Truly sorry for the lenghty post! Hope you can give me some pointers.
get a volt meter and and read the voltage form the wall when it is turned off and when it is turned on. then plug in a "off" device like a lamp and read the voltage going into it when on and off. my guess is the problem is you are getting a surge when the flip is switched. you only need a small surge to start up the computer then the psu will start drawing more.
BIOS setting, don't remember what it's called but it's for what happens after power outage.
That one is set to power up after loss, just change it to stay off.
That would be my guess too.
Mine (asus) is called, "Power on after AC Loss" and is buried somewhere in a uefi submenu.
Could also be a PSU issue.
FWIW, a friend of mine also has a similar problem with his PC; however, for him, shutting down Windows yields a clean shutdown, while shutting down Mac OS yields a reboot.
My bet is on the uefi setting.
And ain't nothing wrong with firewire. ;)
OK, did some googlin..
Look for "Restore on A/C power loss"
It's under "South Bridge Configuration" on the Advanced screen.
Set it to [Power Off]
Yeah, my bad, I should have said that I did check the BIOS setting first thing, and the restore after AC loss is off.
@fredrich_nietze good idea, I'll try that. But wouldn't the PSU AC inlet line filter (sorry, I only know the technical term in italian for it and I am roughly translating it) use some sort of capacitor array to filter these spikes out?
Cheers boys, thanks for all the answers.
Firewire is a bit... temperamental at times! A long time ago one of the ports on my Focusrite fried because of a bad shoutdown! Still, back then firewire was new! But hey, where would the fun be otherwise?! :P
Thanks for taking the time to answer mate.
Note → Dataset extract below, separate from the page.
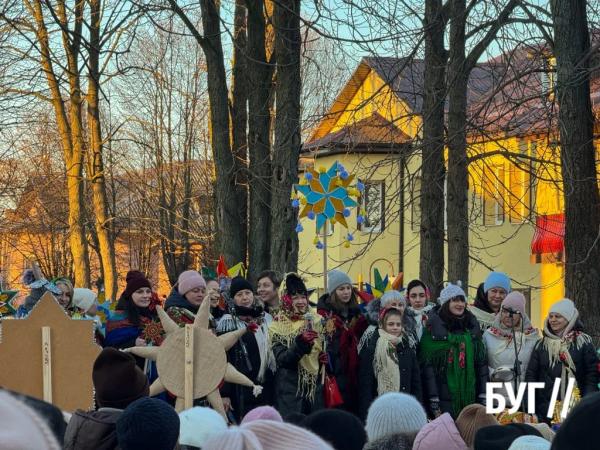 Сяйво різдвяних зірок: у Нововолинську відбулася Хода звіздарів | Новини Нововолинська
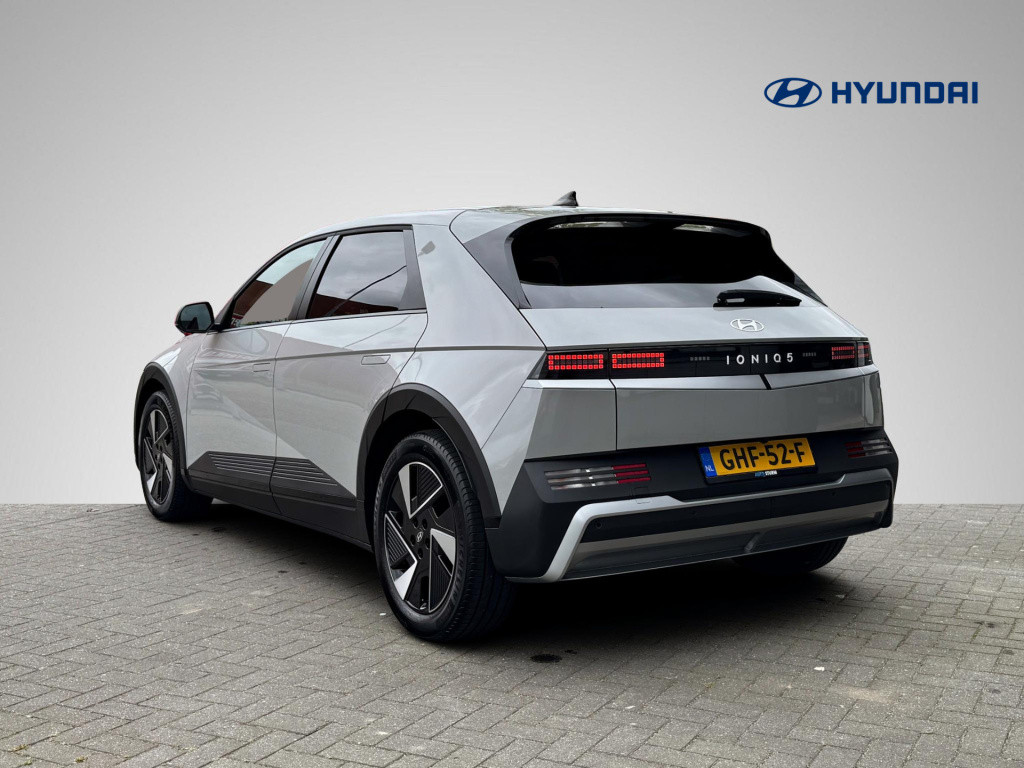 Hyundai Ioniq 5 connect+ 84 kwh nieuw model!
in theory yes in practice, it depends on the strength of the surge and corsair may have cheaped out on them or they may be faulty.
Yeah, thought as much... I'll go back to the studio tomorrow and have a little test. Thanks again!
A closing thought on the issue.
After checking for unwanted spikes on the line, I could find none. No strange spikes in tension or intensity. Everything as it should... I took the PC home and it did the same thing on a switched power strip.
I contacted Corsair and the issued an RME, no questions asked. Defective PSU.